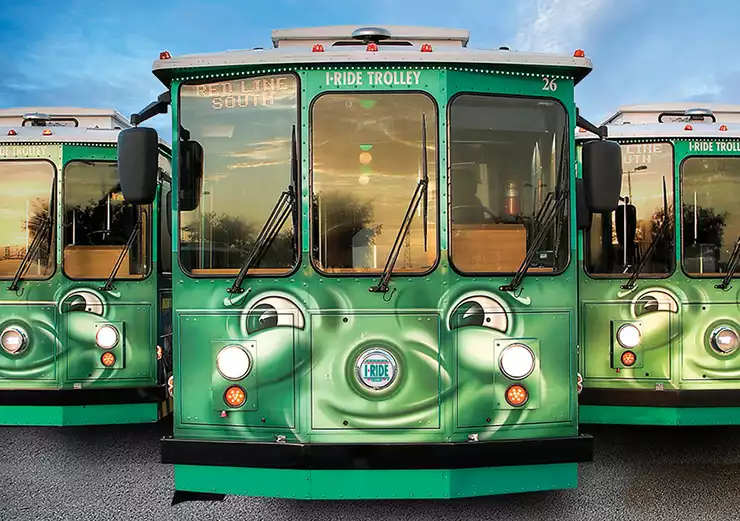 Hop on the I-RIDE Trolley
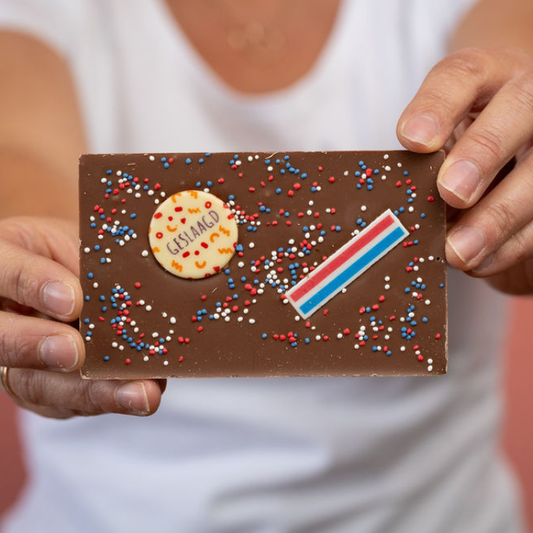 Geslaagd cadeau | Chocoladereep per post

---

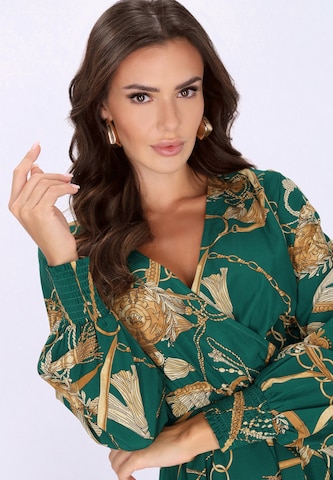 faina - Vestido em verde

TRY IT: From the records above, copy only the lines running from the line containing "Hop on the I-RIDE Trolley" to the line containing "Geslaagd cadeau | Chocoladereep per post", both ends included. Leave the pictures out.

ANSWER SPACE:
 Hop on the I-RIDE Trolley
 Geslaagd cadeau | Chocoladereep per post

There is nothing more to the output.